Het cliché dat Rome nog altijd niets tegen seksueel misbruik heeft ondernomen, is manifest onjuist.
Daarnaast ben ik onder de indruk van kardinaal Pietro Parolin, de nummer twee van het Vaticaan. Zijn oprechtheid en bescheidenheid hebben me echt ontroerd.
U bent best kritisch voor paus Franciscus. U laat twee pauskenners een ranking maken in uw boek. Waar staat hij voor u in de ranglijst beste pausen sinds de Tweede Wereldoorlog?
Alles bijeen ben ik wel een voorstander van de hervormingen die paus Franciscus doorvoert. Ik zal hem dus zeker niet lager inschatten dan zijn voorgangers.
Wat verwacht u van het synodale proces dat van het instituut Kerk weer een beweging van en voor iedereen wil maken?

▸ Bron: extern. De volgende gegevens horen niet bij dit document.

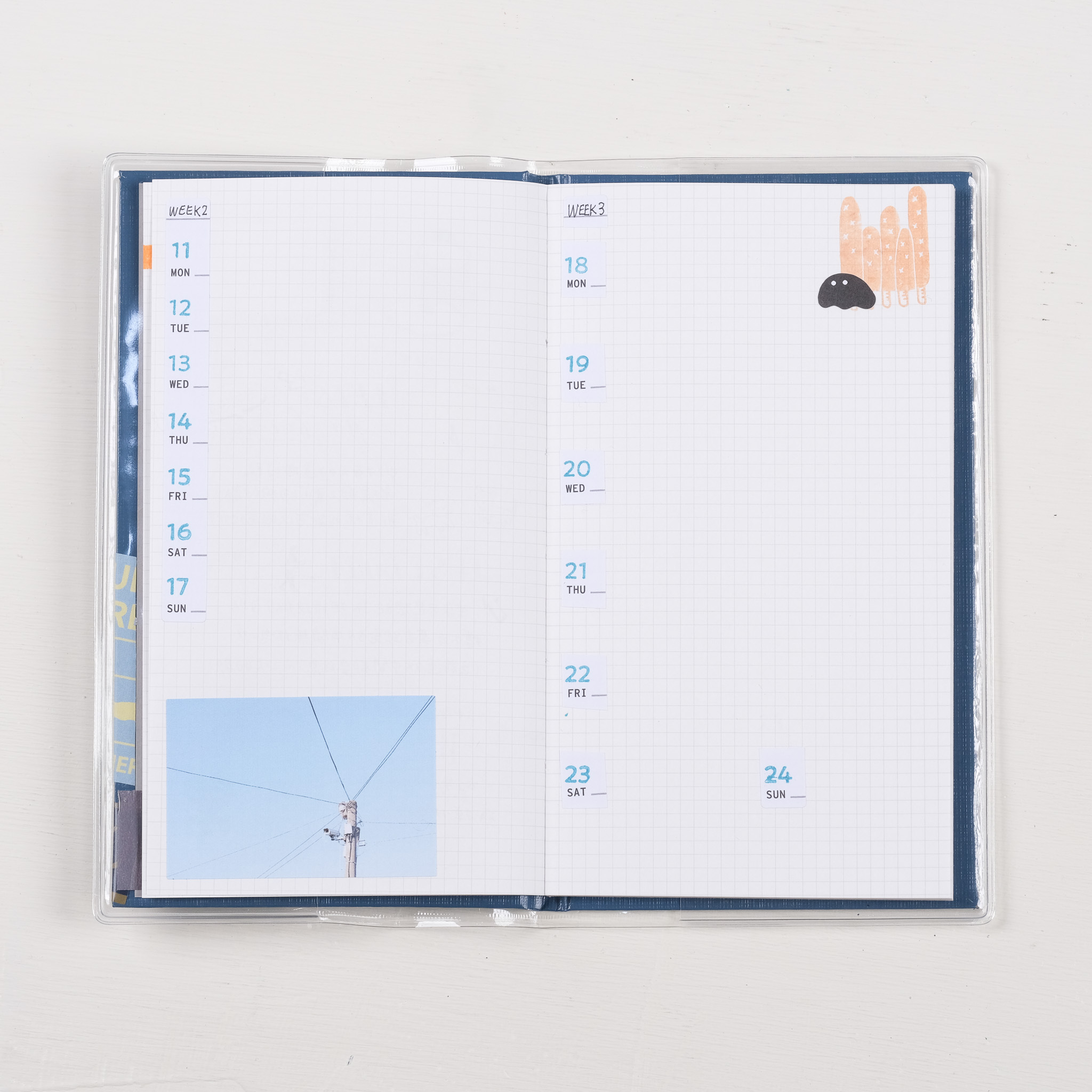 週計劃貼紙包 /一分之一工作室/台灣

Wat onze bisschoppen nu in een ontwerptekst als prioriteiten naar voren schuiven, had al lang besproken moeten zijn in de Kerk. Toen was het altijd ‘niet het moment’. Men zag onvoldoende dat de onbeantwoorde vragen rond de rol van de vrouw in de Kerk of het verplichte celibaat zoveel andere vragen hypothekeerden.
Zal de Kerk er nu wel klaar voor zijn? Decentralisatie zou een oplossing kunnen bieden, meer macht voor bisschoppenconferenties, maar dan moeten die intern wel overeenkomen. Er zijn bijzondere grote verschillen binnen de Franse Kerk, om maar iets te noemen.
De rode draad van het boek, schrijft u, is de vraag of er redding is voor de Kerk. En?
Ik ben niet zo pessimistisch. Er is altijd wel een plek in de wereld waar de Kerk bij wijze van spreken op instorten staat, zo zei de Franse filosoof Marion me. Maar ze heeft een inspiratiebron die geestverruimend is.
Voor veel mensen in Vlaanderen is het christelijk geloof een instituut dat hun vrijheid wil beknotten.
Maar Jezus is net het tegenovergestelde. Hij maakt me vrij, vergroot mijn wereld. Daarin zit het religieuze genie van Jezus Christus. Dat zal nooit verdwijnen. De culturele bedding waarin die boodschap bij ons lag, is wel zo goed als verdampt.
Ook het Vaticaan blijft ondanks alles iets moois. Ze blijven proberen de Kerk te realiseren met ups en downs – vooral downs. Maar ze is nooit reddeloos verloren.